When I stand up here to preach on Sunday, do you see 200,000 of them or 400,000 of them or 600,000 of them pounding at these doors, trying to get in to listen to the message of the Lord? No. And when I give the invitation, do you see thousands of them streaming down these aisles to accept Jesus as their Savior? No. “But I magnify my office if by any means I might save some” [Romans 11:13-14]. And that’s the greatest comfort in this earth. Not all will be saved. Not all will turn. Not all will come to a saving knowledge of our Lord. But God will always give us some. And that is the most blessed and assuring of all of the promises in the Bible. If I try, if I preach the best I can, if I pray, if I pour my very life into the effort, God will give us some.
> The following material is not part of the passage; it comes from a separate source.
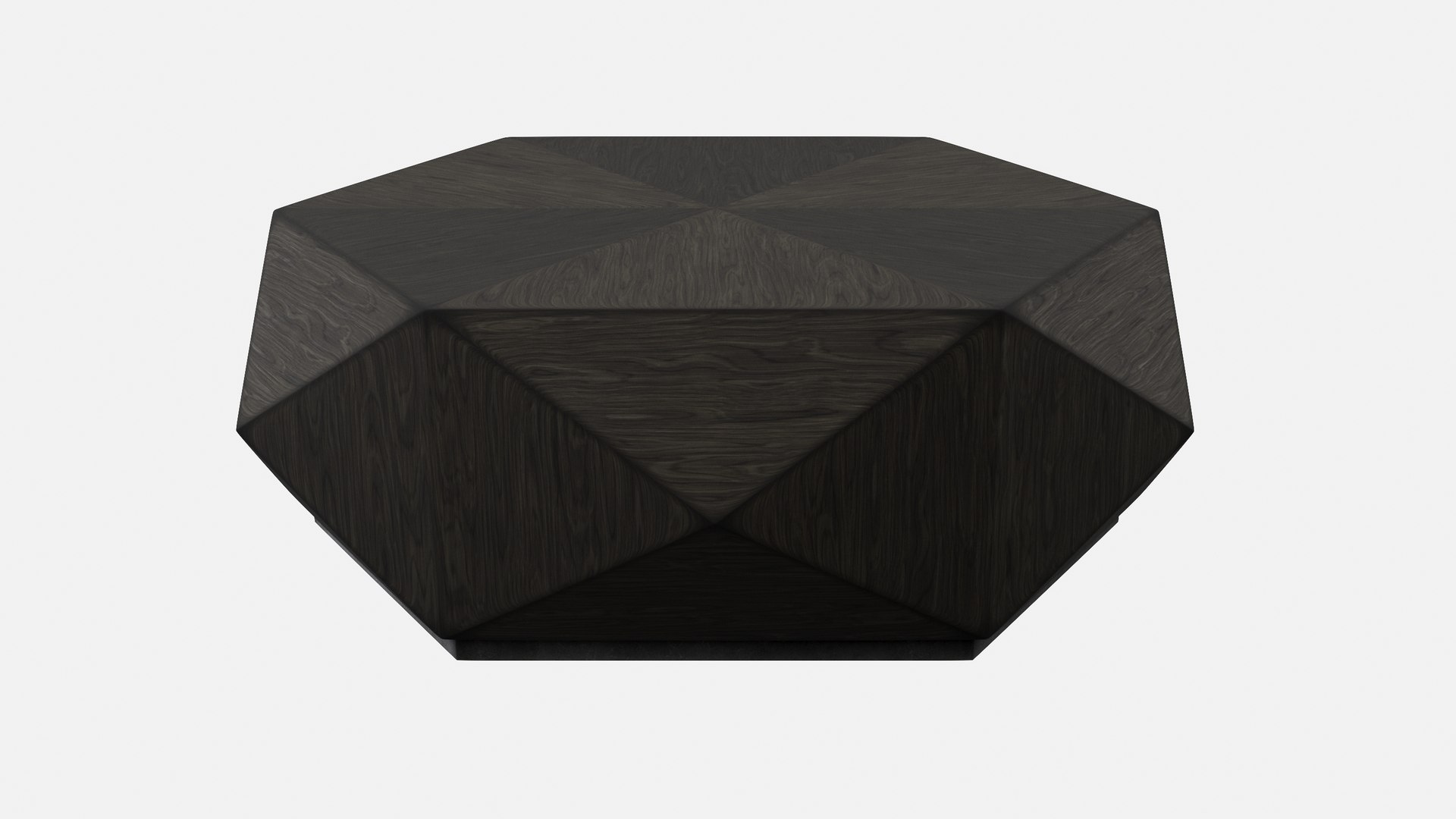3D model Coffee Table https://p.turbosquid.com/ts-thumb/2x/AUGwRl/i0/table_0013/jpg/1744740242/1920x1080/fit_q87/96602af45cc637944dec5ea9e153f7c59e1c983d/table_0013.jpg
I started thinking about a family last night. It was nine o’clock. I went to the home. I knocked at the door. The little woman, the little wife, bless her heart, came to the door and said, “I was afraid to answer. It’s so late.”
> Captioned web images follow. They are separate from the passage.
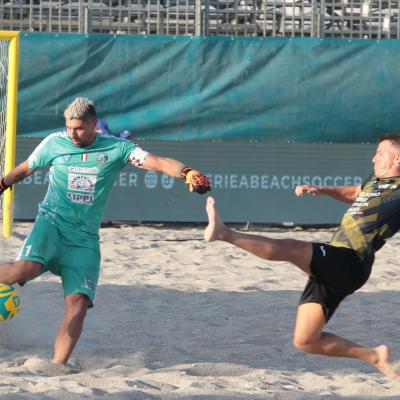 Viareggio Vs Fvg 00006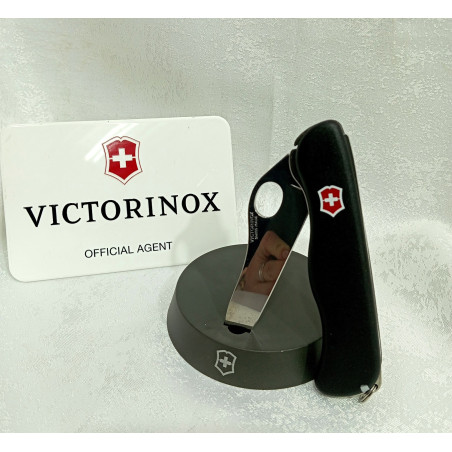 SCYZORYK SZWAJCARSKI VICTORINOX SENTINEL 0.8416.M3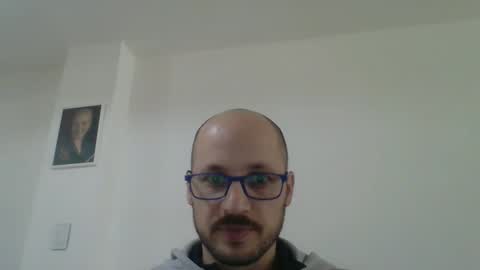 Snapshot of javimania1 chatting on 03.03.26 javimania1 online show from 03.03.26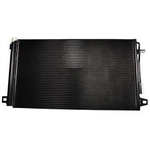 Order Condenser by DENSO - 477-0794 For Your Vehicle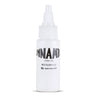 Dynamic White 1oz Ink - Bloody Wolf Tattoo Supply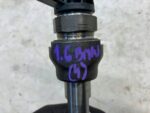 #4 AVENSIS T27 LIFT T29 1.6 D4D WTRYSKIWACZ PALIWA 8515060 BMW - obrazek 6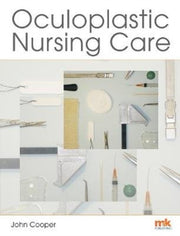 Oculoplastic Nursing Care: Key Concepts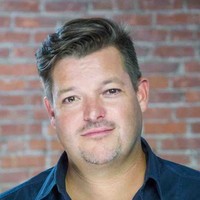 Navori Labs Employee Bob Radcliffe's profile photo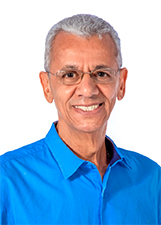 Foto de Walter Medeiros de Sena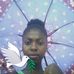 Pearl Obaapa Bruce - Facebook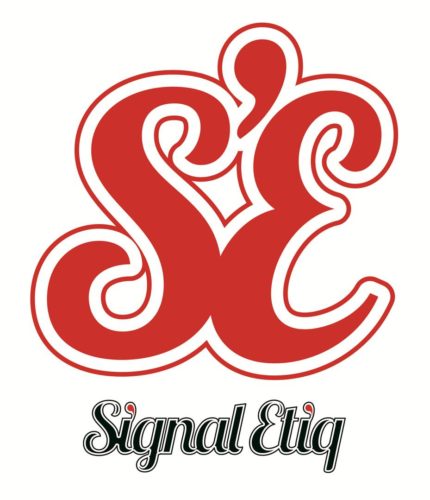 Signal’étiq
I introduced myself. She didn’t. She said, “I know you. I know about you.”
“Well,” I said, “I’ve come to invite you to the Lord.”
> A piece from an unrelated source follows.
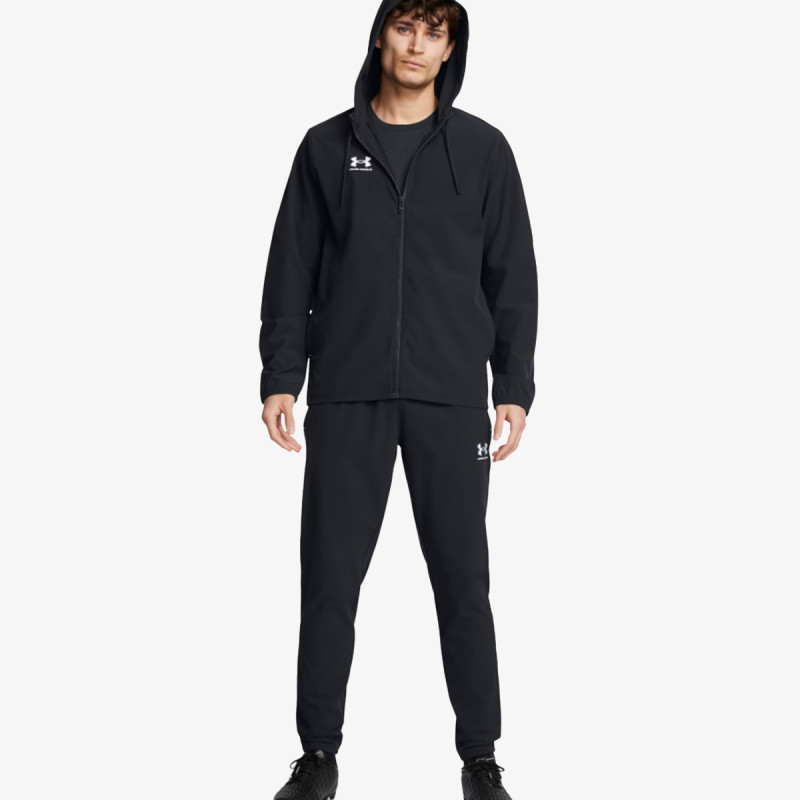 Under Armour Trening UA M'S CH. PRO TRACKSUIT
And, she said, “I’ve just told my husband, ‘We have been neglectful in our lives, and we have a little boy, and we must raise him up in the Lord. And you and I must give ourselves to the service of God in the church.’ We’ll be there.”
They will come. God blesses the spirit to try. “I magnify mine office: if by any means . . . I might save some” [Romans 11:13-14]. And God never fails. He will do His office work today. There will be some in this great throng who respond. They always do. God always gives us some.
And there are some of you listening on television and watching, watching on television and listening on radio, whose hearts God will touch. From one side almost of this nation to the other do I see and meet people who say, “In my home, listening to you, did I give my heart to God.” I pray it may be so now. Wherever you are, if you’re driving in a car, pull to the side of the road. Bow your head over the wheel. Make it an altar and say, “Lord, look at me. Lift me out of my own self and place me in the glory of the abounding life of Christ.” If you’re on television watching, kneel down and give your heart to the Lord [Romans 10:8-13].
And in the great throng here this morning, in a minute when we sing our hymn of appeal, “Lord, Lord, this is the way I ought to walk. This is the thing I ought to do. God has spoken and I’m answering with my life.” Now, may we stand together?
Our Lord in heaven, in whose compassionate and loving mercy we find our hope and our refuge, loving us, dying for us [1 Corinthians 15:3], raised for us [Romans 4:25], interceding for us [Hebrews 7:25], someday coming for us [1 Thessalonians 4:16-17], if ever we love Thee, Lord Jesus, we do now. And our Master, bless Thou the appeal that is made. And in this moment when we sing our hymn of appeal, may the Holy Spirit do His office work of convicting and wooing and inviting. And what my stammering lips could not frame, may the Holy Spirit pronounce in words of God, the words that God speaks, and may the Holy Spirit make the appeal, and then may these answer with their lives.
In that balcony round, a family, a couple, or just one somebody you; in the press of people on this lower floor, into that aisle and down to the front: “Pastor, the Lord has spoken to me, and we are on the way.” The whole family of you; gather the children, all of you come. Or just you and your friend, or you and your wife, or just one somebody you, God bless you as you make that decision. And our Lord, thank Thee for the harvest even before it comes to pass, in Thy saving and keeping name, amen.
Now choir as our ministers are here, as our deacons are here, as the Holy Spirit is here, as the angels bless and accompany in the way, down that stairway, down this aisle, “Here I am, pastor, and here I come,” while we sing and while we pray.